Whatever pictures appear, omit them, and repeat the data below exactly.

Caption-style text data
Segment Open

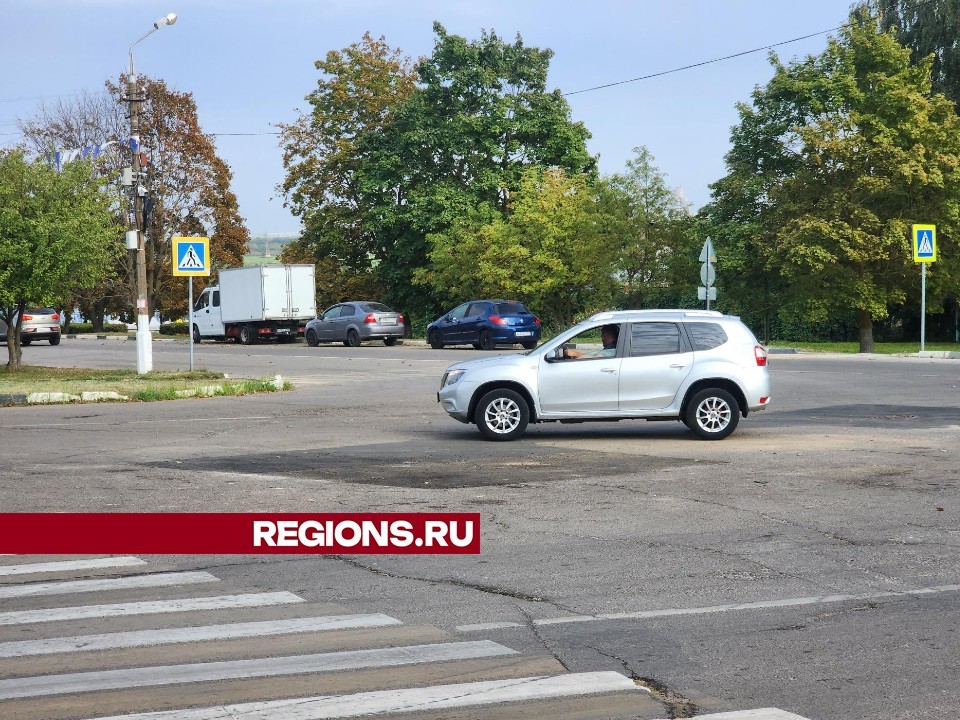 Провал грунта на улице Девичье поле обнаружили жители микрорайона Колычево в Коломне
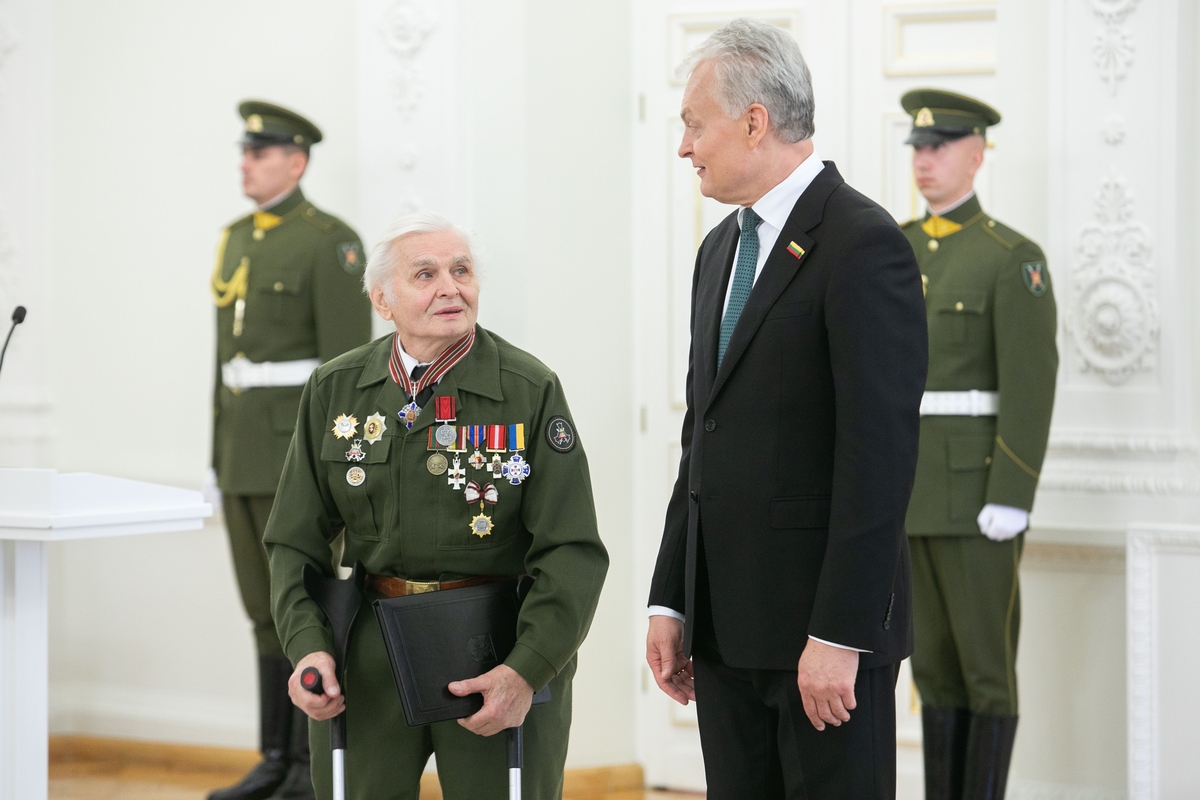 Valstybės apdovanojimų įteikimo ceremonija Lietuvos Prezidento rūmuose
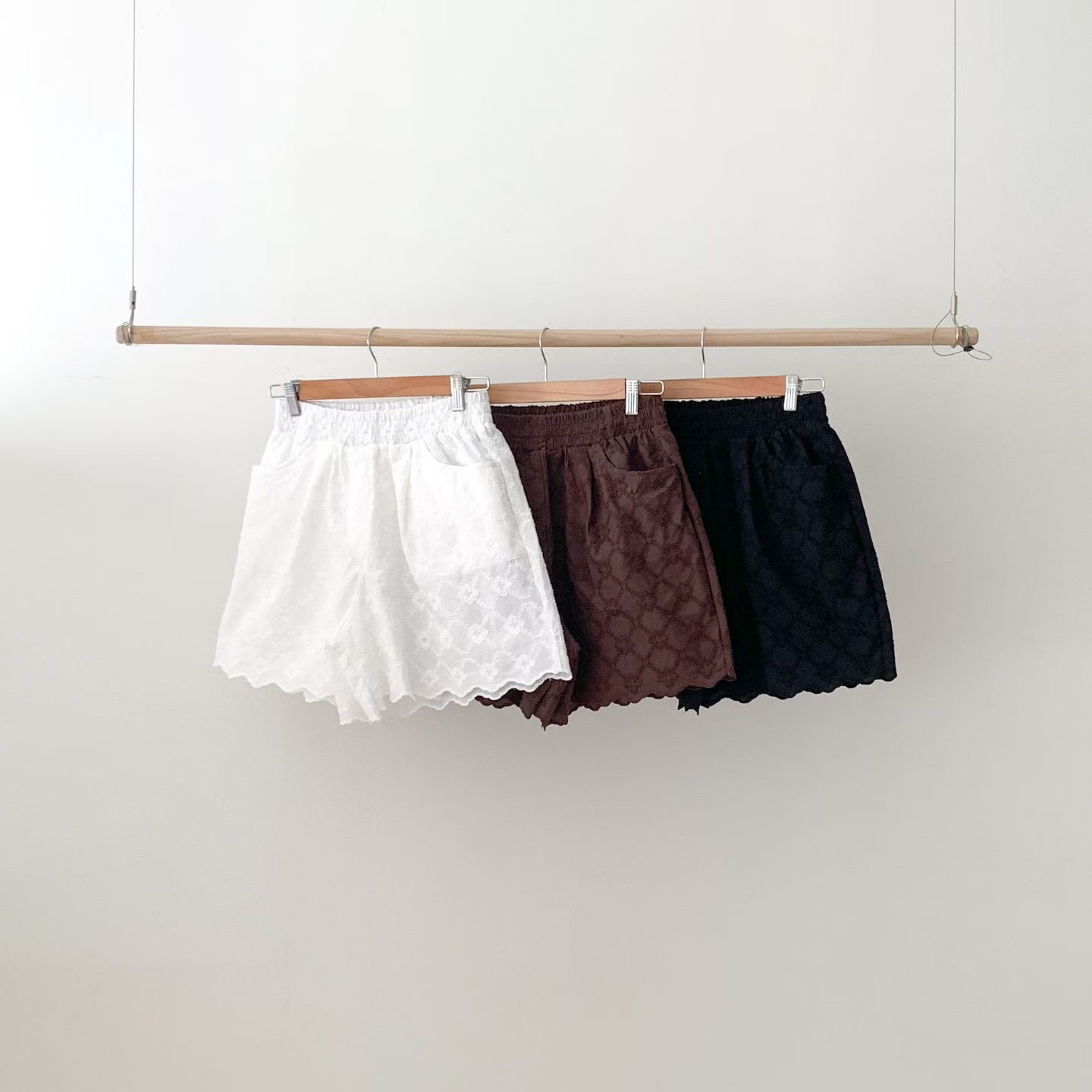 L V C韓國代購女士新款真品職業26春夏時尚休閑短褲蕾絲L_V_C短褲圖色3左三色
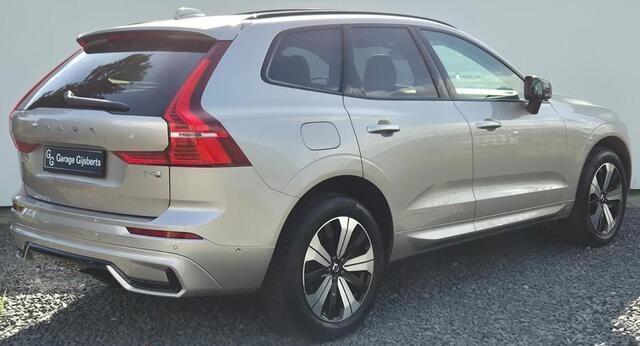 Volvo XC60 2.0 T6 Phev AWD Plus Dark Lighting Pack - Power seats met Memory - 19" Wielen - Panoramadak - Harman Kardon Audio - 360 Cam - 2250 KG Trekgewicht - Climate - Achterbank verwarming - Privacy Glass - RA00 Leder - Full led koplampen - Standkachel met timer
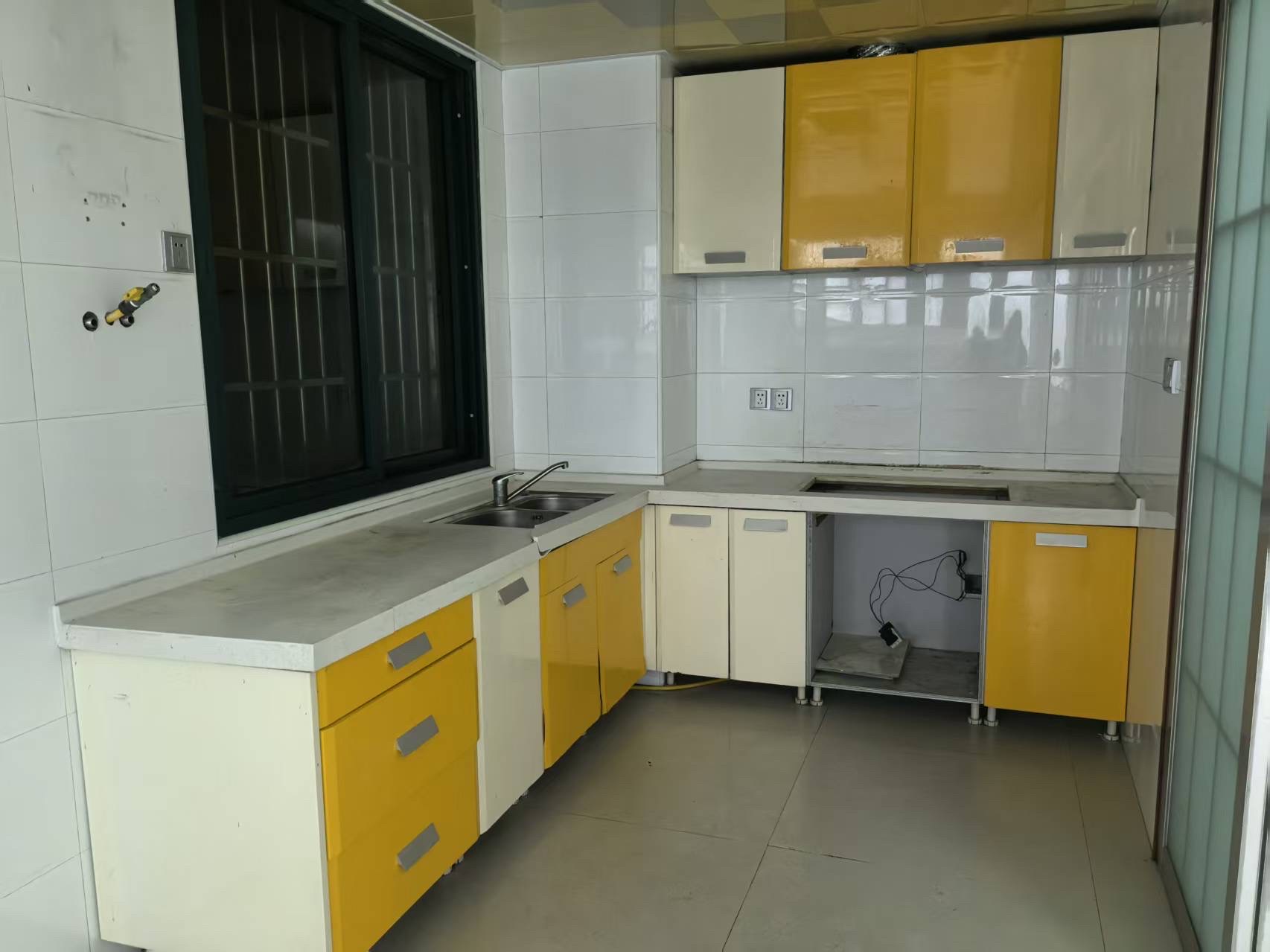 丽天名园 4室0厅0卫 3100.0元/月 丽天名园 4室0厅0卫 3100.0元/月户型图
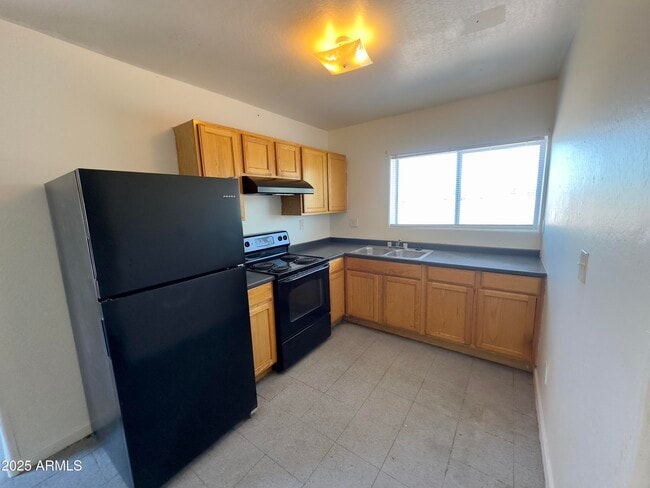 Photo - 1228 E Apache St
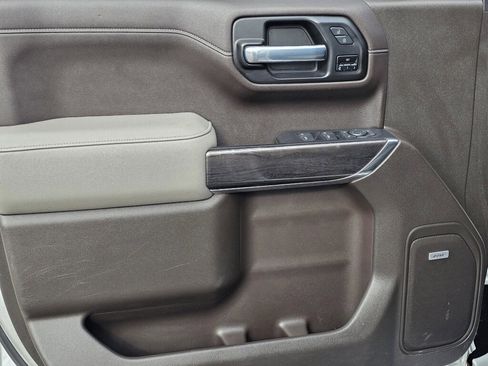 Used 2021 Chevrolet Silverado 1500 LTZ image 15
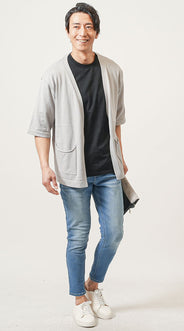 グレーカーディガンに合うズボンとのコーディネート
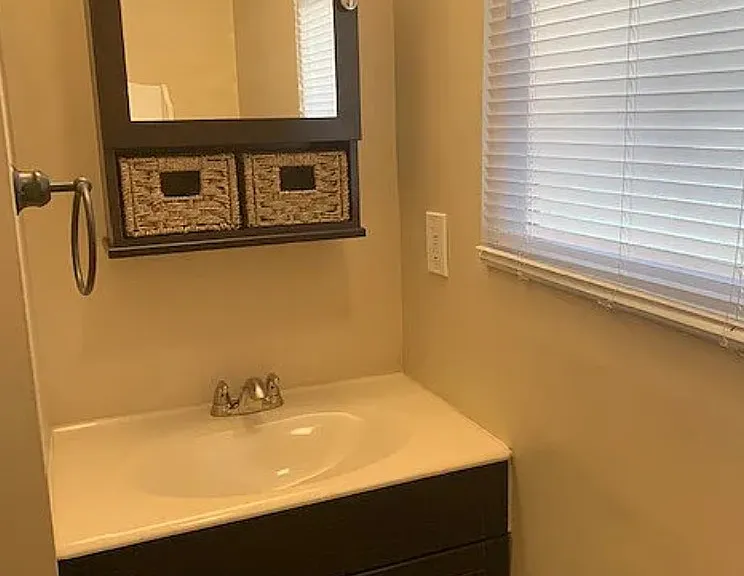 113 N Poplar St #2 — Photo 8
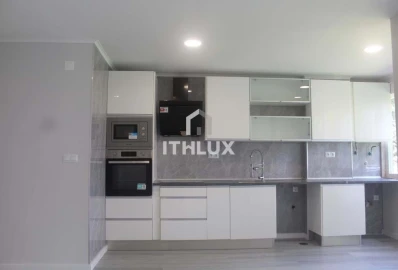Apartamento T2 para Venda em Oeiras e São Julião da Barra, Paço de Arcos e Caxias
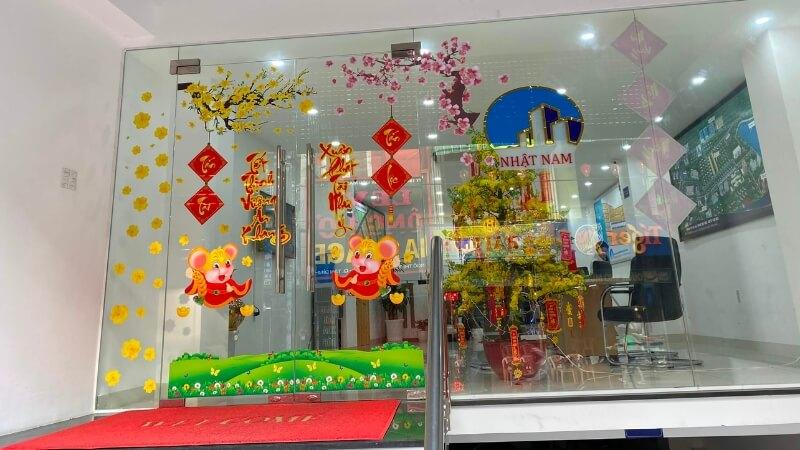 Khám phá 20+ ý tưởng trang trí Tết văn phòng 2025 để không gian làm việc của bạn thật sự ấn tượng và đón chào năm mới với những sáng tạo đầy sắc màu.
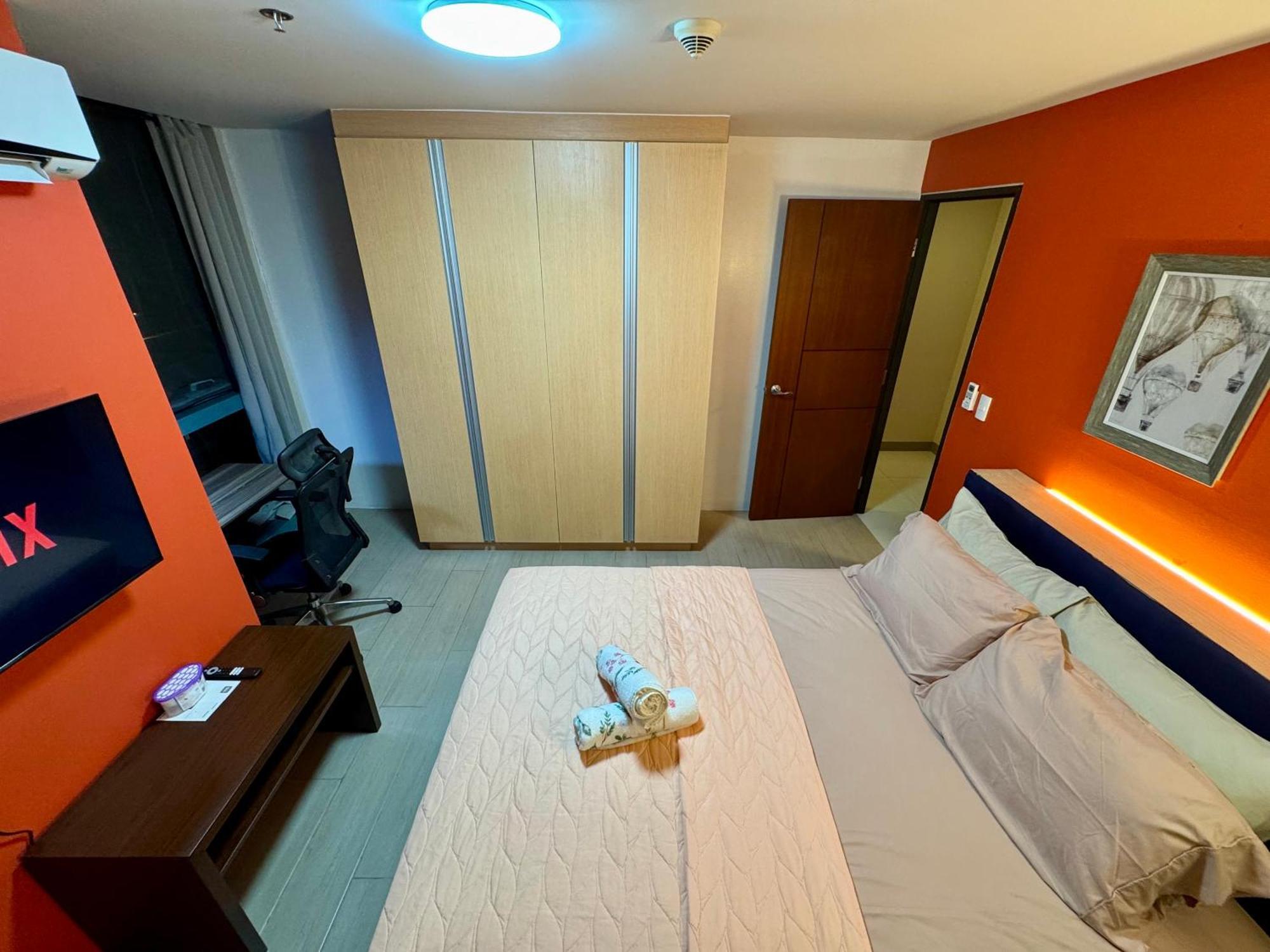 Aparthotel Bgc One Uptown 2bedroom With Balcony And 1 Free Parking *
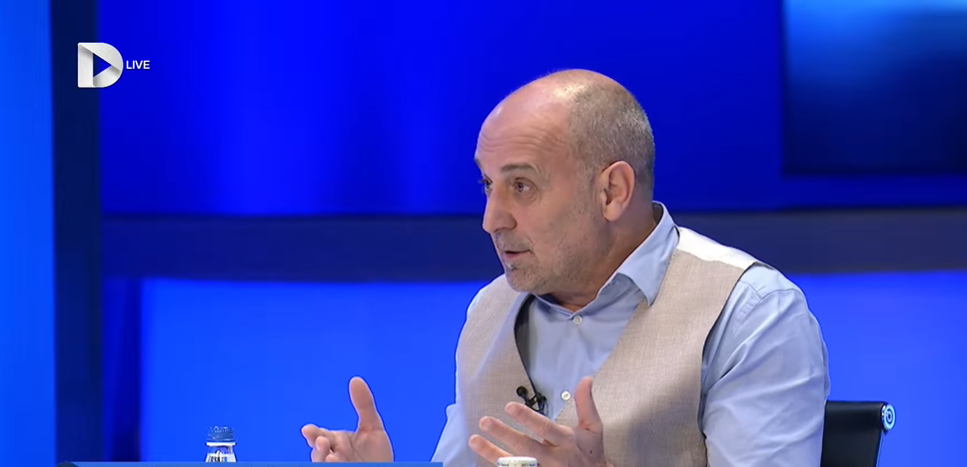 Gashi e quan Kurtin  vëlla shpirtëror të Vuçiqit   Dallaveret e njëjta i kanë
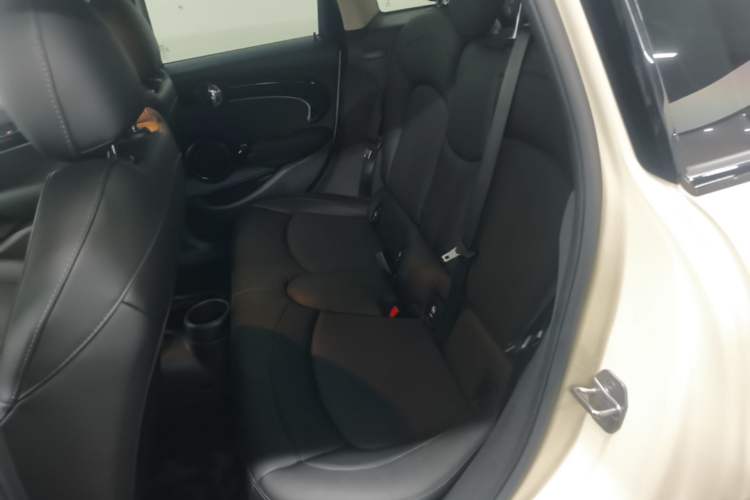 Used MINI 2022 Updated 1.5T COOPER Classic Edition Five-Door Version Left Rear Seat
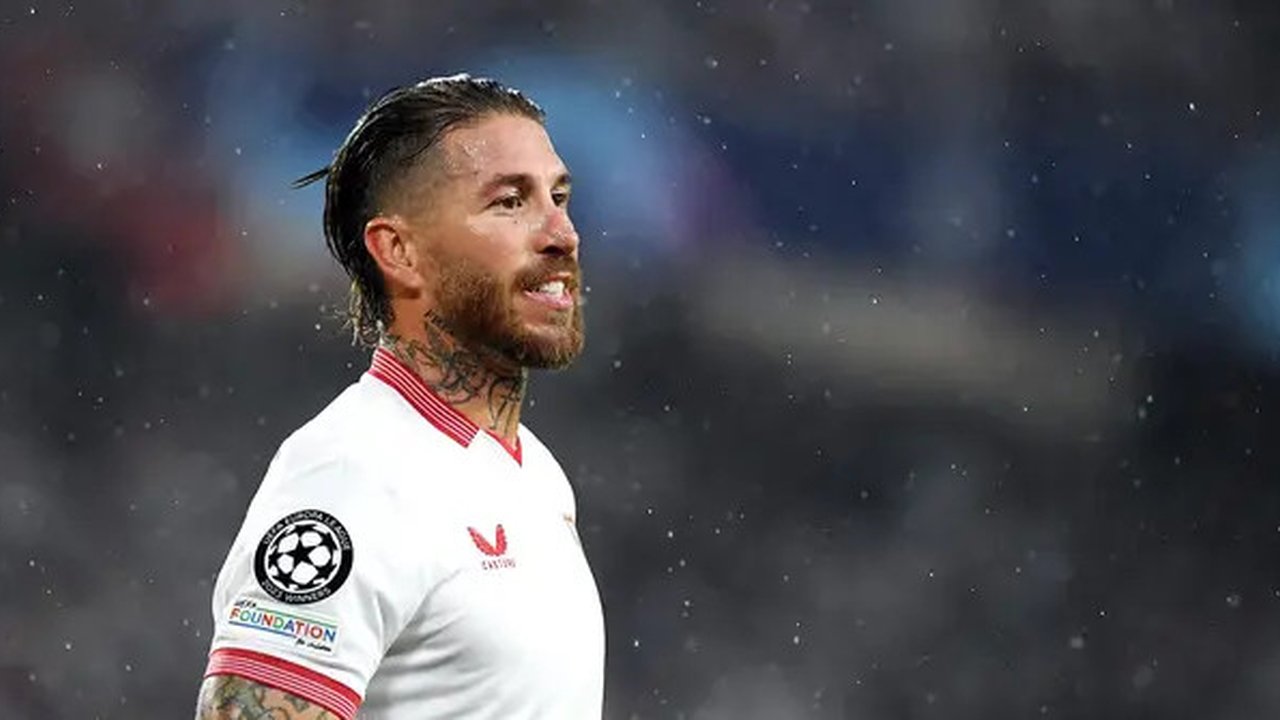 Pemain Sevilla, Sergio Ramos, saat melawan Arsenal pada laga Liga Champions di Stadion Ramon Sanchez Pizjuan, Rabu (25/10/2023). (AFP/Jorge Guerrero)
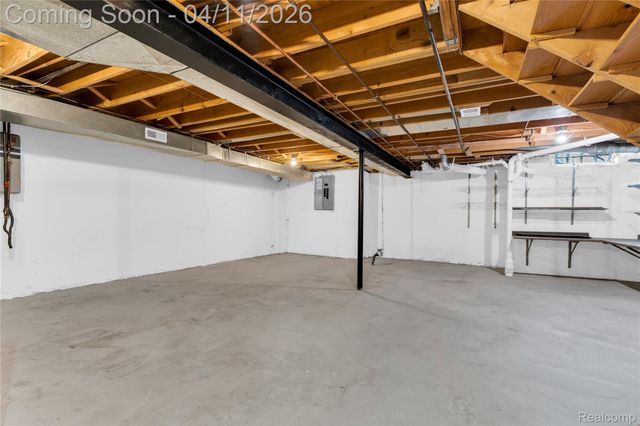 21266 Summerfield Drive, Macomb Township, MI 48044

Segment Closed

▸ **Output**:
 Провал грунта на улице Девичье поле обнаружили жители микрорайона Колычево в Коломне
 Valstybės apdovanojimų įteikimo ceremonija Lietuvos Prezidento rūmuose
 L V C韓國代購女士新款真品職業26春夏時尚休閑短褲蕾絲L_V_C短褲圖色3左三色
 Volvo XC60 2.0 T6 Phev AWD Plus Dark Lighting Pack - Power seats met Memory - 19" Wielen - Panoramadak - Harman Kardon Audio - 360 Cam - 2250 KG Trekgewicht - Climate - Achterbank verwarming - Privacy Glass - RA00 Leder - Full led koplampen - Standkachel met timer
 丽天名园 4室0厅0卫 3100.0元/月 丽天名园 4室0厅0卫 3100.0元/月户型图
 Photo - 1228 E Apache St
 Used 2021 Chevrolet Silverado 1500 LTZ image 15
 グレーカーディガンに合うズボンとのコーディネート
 113 N Poplar St #2 — Photo 8
Apartamento T2 para Venda em Oeiras e São Julião da Barra, Paço de Arcos e Caxias
 Khám phá 20+ ý tưởng trang trí Tết văn phòng 2025 để không gian làm việc của bạn thật sự ấn tượng và đón chào năm mới với những sáng tạo đầy sắc màu.
 Aparthotel Bgc One Uptown 2bedroom With Balcony And 1 Free Parking *
 Gashi e quan Kurtin  vëlla shpirtëror të Vuçiqit   Dallaveret e njëjta i kanë
 Used MINI 2022 Updated 1.5T COOPER Classic Edition Five-Door Version Left Rear Seat
 Pemain Sevilla, Sergio Ramos, saat melawan Arsenal pada laga Liga Champions di Stadion Ramon Sanchez Pizjuan, Rabu (25/10/2023). (AFP/Jorge Guerrero)
 21266 Summerfield Drive, Macomb Township, MI 48044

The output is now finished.